Xiaomi has perfected the art of bringing almost high-end performance to the middle-range category, and the Redmi Note 11 series continues this trend. On February 17th, Xiaomi sub-brand Redmi officially unveiled the Redmi Note 11 series in Kenya, and with it came promises of offering top-tier performance at a fraction of the cost of flagship devices from other manufacturers.

The Redmi Note 11 series has three models: the Note 11 Pro, Note 11S, and the base Note 11. We were provided with the base Note 11 to get a feel of it, and I have been daily driving it for a week or so, basically being absolutely blown away by the experience while trying to figure out how Xiaomi has managed to package such impressive performance on a device that sits at the lower end of the middle range category.

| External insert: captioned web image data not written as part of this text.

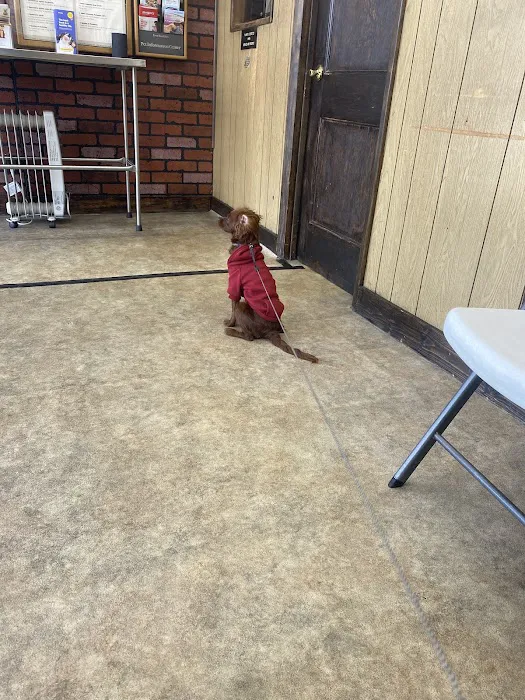 Oakcrest Veterinary Clinic Picture 1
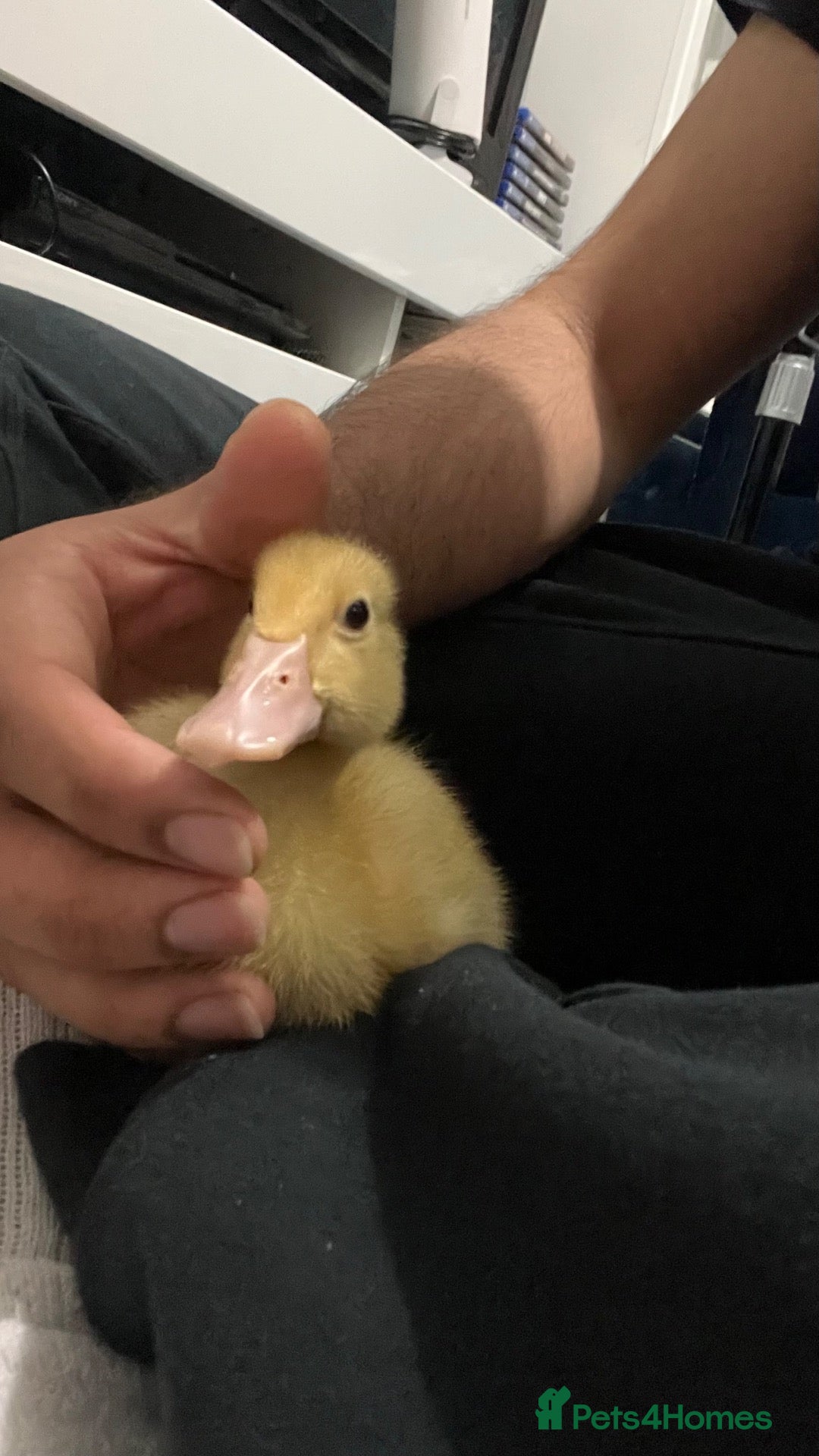 Ducks poultry Pure Aylesbury Duckling. Just 1  - Advert 1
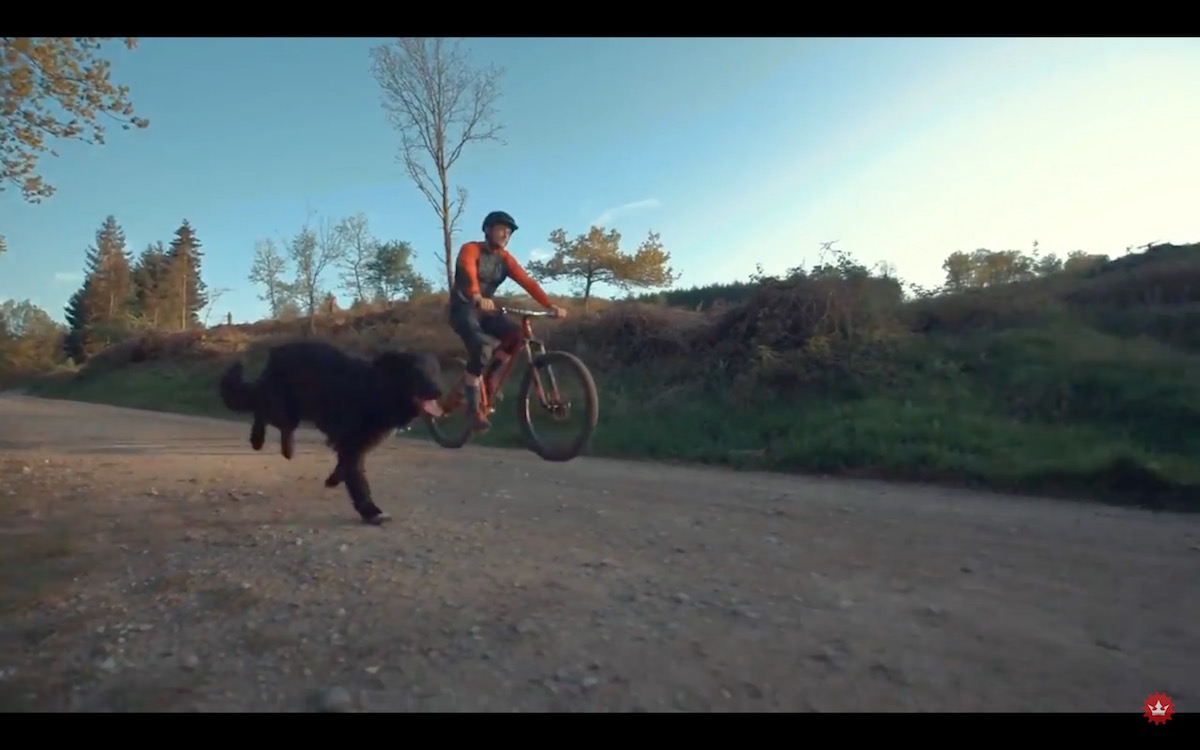 Video: Stanton Slackline & Mac The Trail Dog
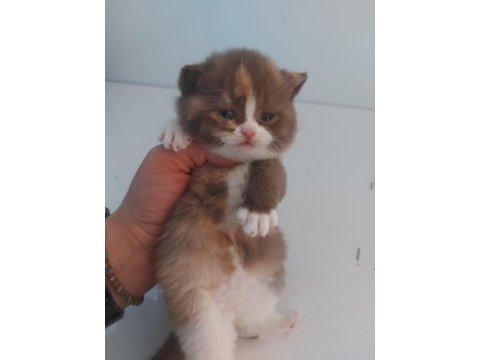 Dişi chocolate calico british shorthair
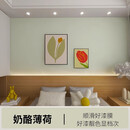 非影内墙油漆绿色乳胶漆奶酪薄荷波音飞机牛油果绿墙漆涂料室内家用 奶酪薄荷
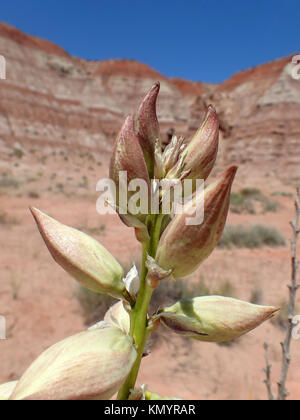 Ein typisches Mittag Szene in Utah Stockfoto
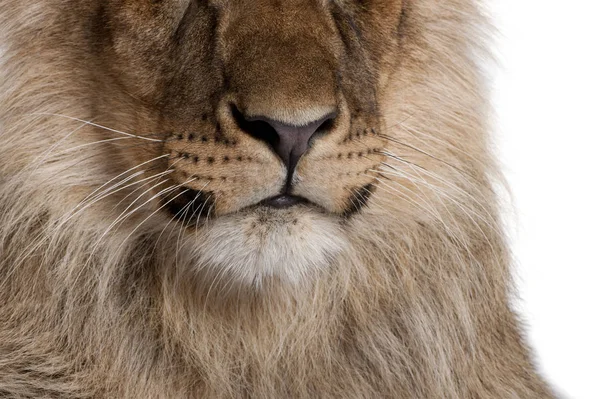 Cropped view of lion, Panthera leo, 9 months old, in front of a — Stock Photo, Image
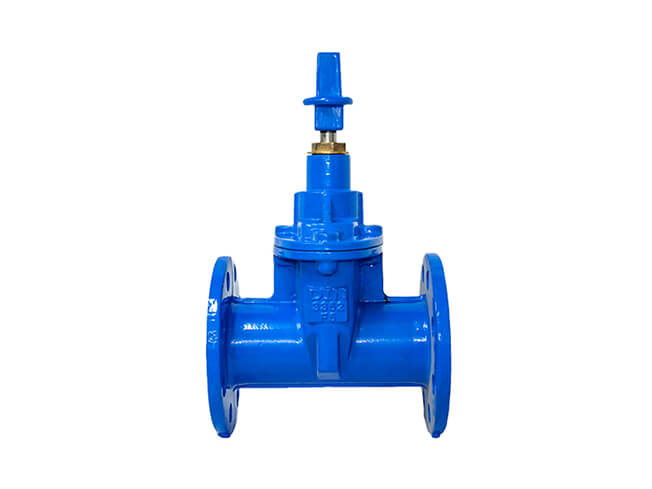 Underground cap soft seal gate valve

It is worth noting that the Redmi Note 11 does not support 5G connectivity, which is not necessarily a deal-breaker at the moment given that the 5G network is not widespread in most Kenyan towns. However, its importance will only go up in the next few years. Therefore, should support for the 5G network be paramount in your needs, it is advisable you go for the Pro version of the Redmi Note 11 as it has support for the network.

However, at an affordable price of Kshs 20,000 for the Redmi Note 11 that I have, with 4 GB RAM and 128 GB internal storage, it is hard to find better value in the market.

Aside from the Redmi Note 11 itself, you also get a 33 W charging adapter, a USB Type-C cable, the SIM ejector tool, and a colourless protective case which I’ve grown quite fond of despite it being what most people might consider bland.

My only disappointment here is that despite the Redmi Note 11 retaining the 3.5 mm headphone jack, you do not get earphones with the device. Admittedly, most manufacturers are moving away from including earphones as more people are adopting wireless earbuds, that offer more flexibility and easier mobility while using them.

Xiaomi has not deviated much from the look of the Redmi Note 10. The hole punch camera is still at the centre, while the edges of the phone are rounded to comfortably fit in your palm in different scrolling positions.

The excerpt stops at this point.